Job makes sin offerings for his sons who celebrate their birthdays: 
Job 1:4 And his sons went and had a feast in the house of each on his day, and sent and invited their three sisters to eat and to drink with them. And it came to be, when the days of feasting had gone round, that Job would send and set them apart, and he would rise early in the morning and offer burnt offerings – the number of them all – for Job said, “It might be that my sons have sinned and cursed Elohim in their hearts.”

John the Immerser is beheaded at Herod's birthday party: 
Matthew 14:6 But when Herod’s birthday came, the daughter of Herodias danced before the company and pleased Herod, so that he promised with an oath to give her whatever she might ask. Prompted by her mother, she said, “Give me the head of John the Baptist here on a platter.” And the king was sorry, but because of his oaths and his guests he commanded it to be given. He sent and had John beheaded in the prison, and his head was brought on a platter and given to the girl, and she brought it to her mother. 

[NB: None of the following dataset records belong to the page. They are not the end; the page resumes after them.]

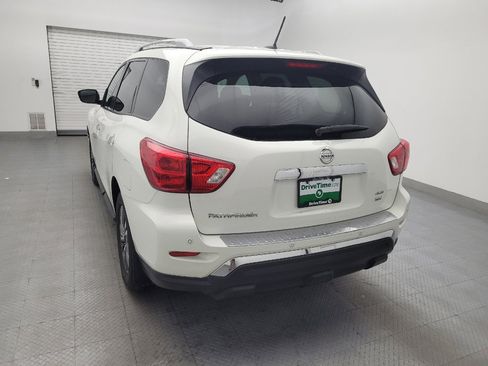 Used 2017 Nissan Pathfinder SV AWD/4WD image 6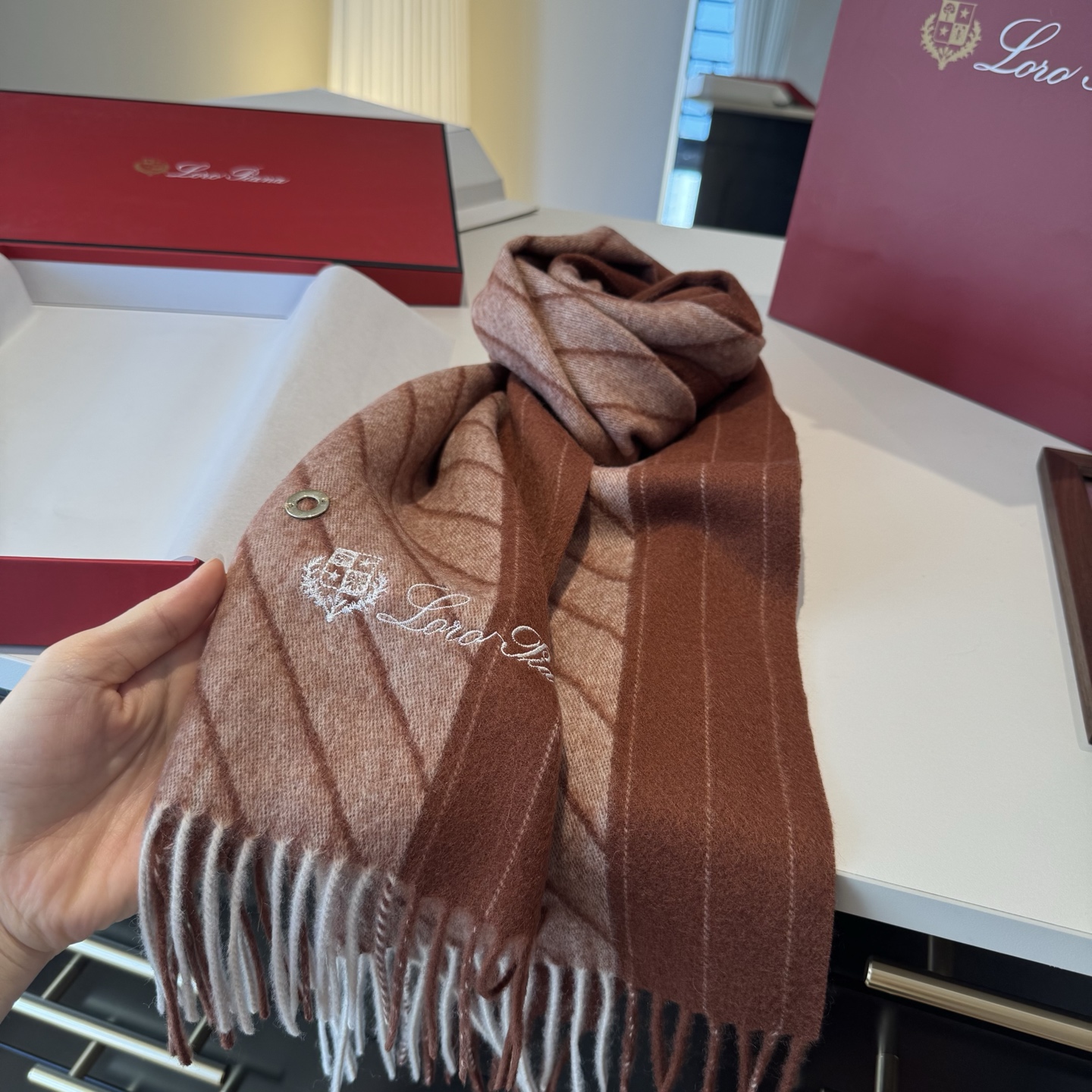 🆕Loro Piana · 诺悠翩雅【贸易公司尾单，极品山羊绒围巾披肩】送人自留都太高大上了😍重磅上新，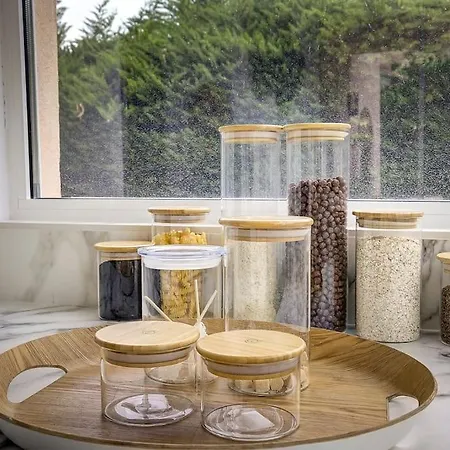 Twin Luxurious 8 Bedroom Pool In Vila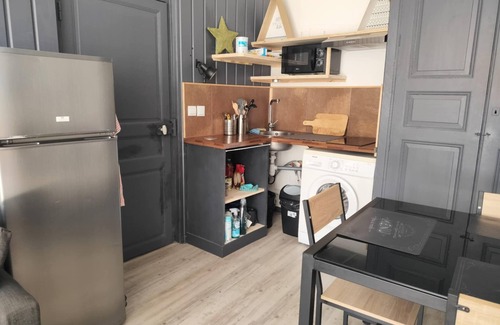 Lestiou Apartment | Large, fully-equipped studio 10 minutes from Chambord, on the Loire cycle route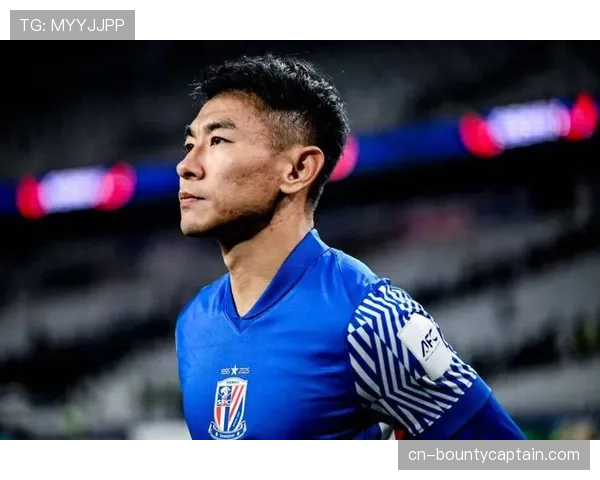 特写镜头：老将于汉超替补登场后策动关键进球后的庆祝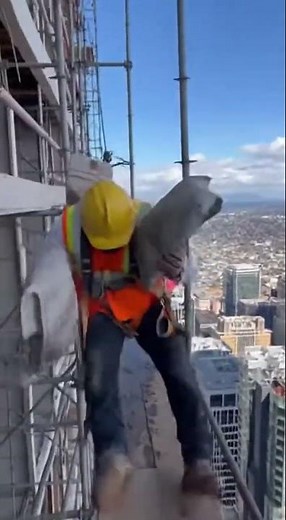 Scaffold Fail That Could Have Been Deadly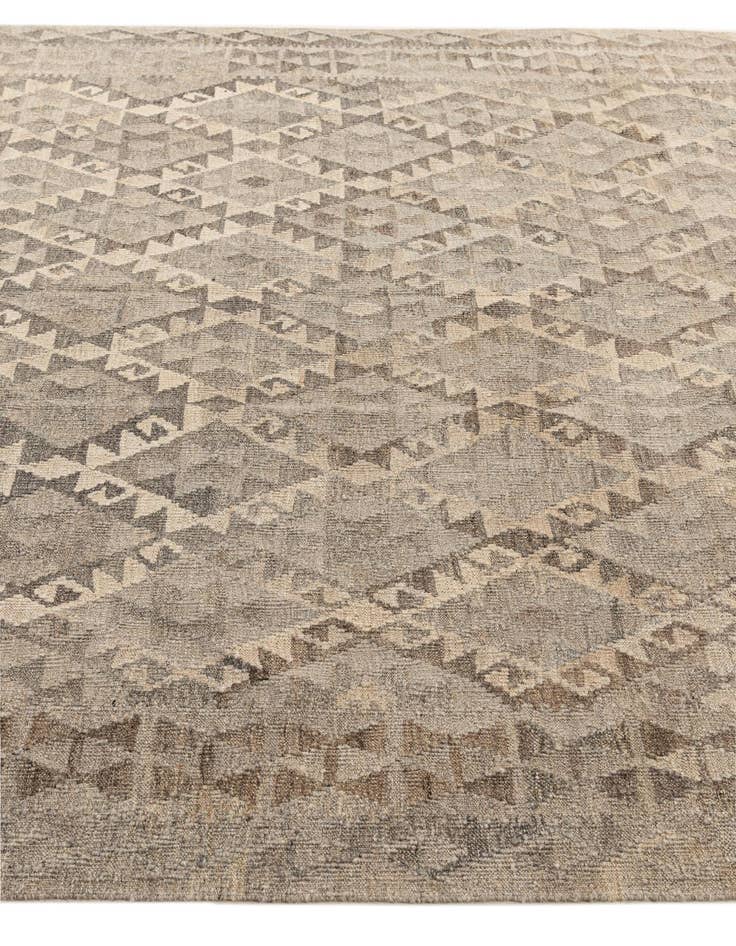 Detail image of  6' 10 x 9' 9  Hand Woven Kilim Maymana Wool Rug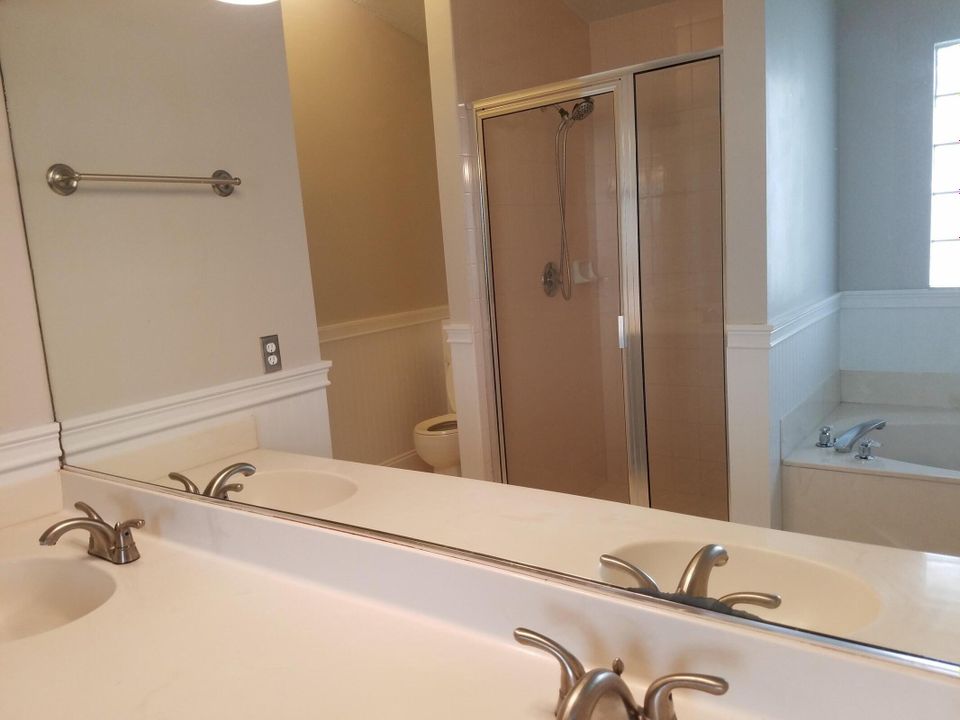 Activo con contrato: $3,500 (3 camas, 2 baños, 1840 Pies cuadrados)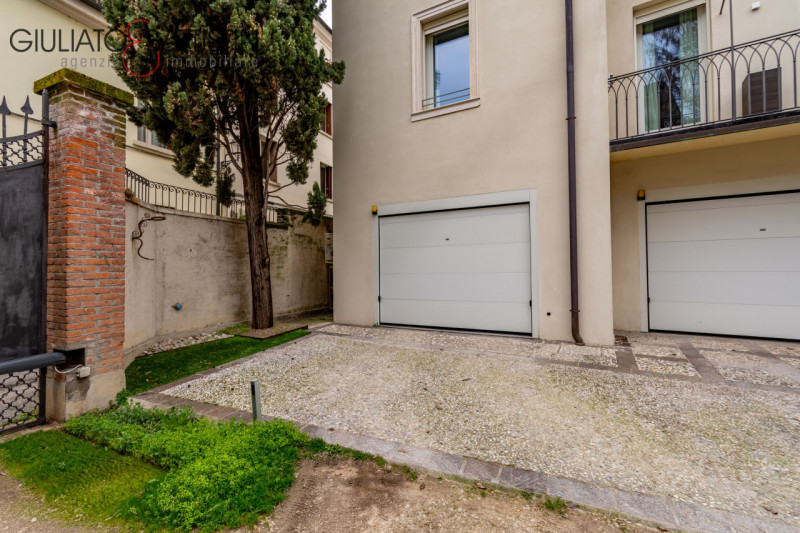 VICENZA: Vicinanze Ponte degli Angeli, in signorile palazzina recentemente ristrutturata, proponi...
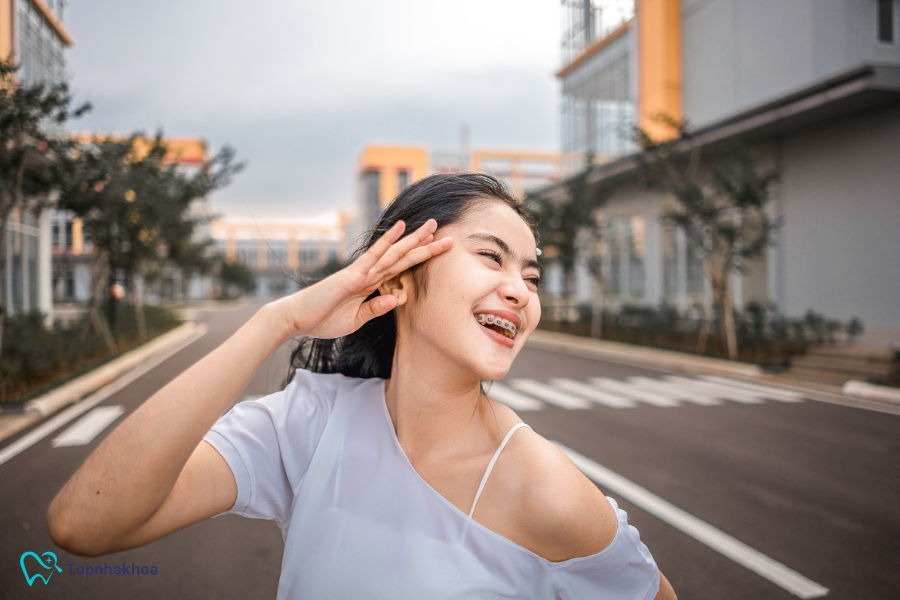 Sự khác biệt không chỉ nằm ở hàm răng đều đặn, nụ cười tự tin mà còn ở những thay đổi tích cực về cấu trúc khuôn mặt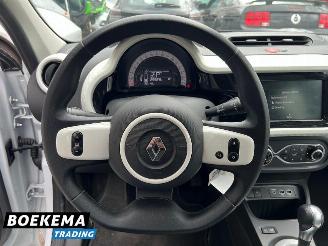 Renault Twingo R80 E-Tech Equilibre 22 kWh Navigatie Cruise picture 18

With that scenario in mind, I will include a link to this information:

There is nothing wrong with knowing how many years we have lived. Knowing the age of people was kept track of since there were age requirements in regards to taxes and military service. The ages of those recorded in the genealogies give us a time frame to work with in our studies. It is the adopted pagan practice of celebrating the day with drinking, eating and dancing (party time) that has been passed on down through the generations that we should stop doing.  

Birthday celebrations are actually rooted in paganism. The Encyclopedia Americana (1991 edition) states: "The ancient world of Egypt, Greece, Rome, and Persia celebrated the birthdays of gods, kings, and nobles."
Authors Ralph and Adelin Linton reveal in their book The Lore of Birthdays: "Mesopotamia and Egypt were also the first lands in which men remembered and honoured their birthdays. The keeping of birthday records was important in ancient times principally because a birth date was essential for the casting of a horoscope."
So, there is a direct connection between the Pagan practice of birthday celebrations and astrology (horoscopes and fortune telling).

Also, The World Book Encyclopedia (volume 3, page 416) states:
"The early Christians did not celebrate [Y'shua's] birth because they considered the celebration of anyone's birth to be a pagan custom." 

Down to the fourth century Christianity rejected the birthday celebration as a pagan custom.

Notice also the record of the first century historian Josephus: The Jews in Christ’s day knew God’s attitude toward birthday celebrations, “Nay, indeed, the law does not permit us to make festivals at the births of our children” (Flavius Josephus, Against Apion, Book II, section 26).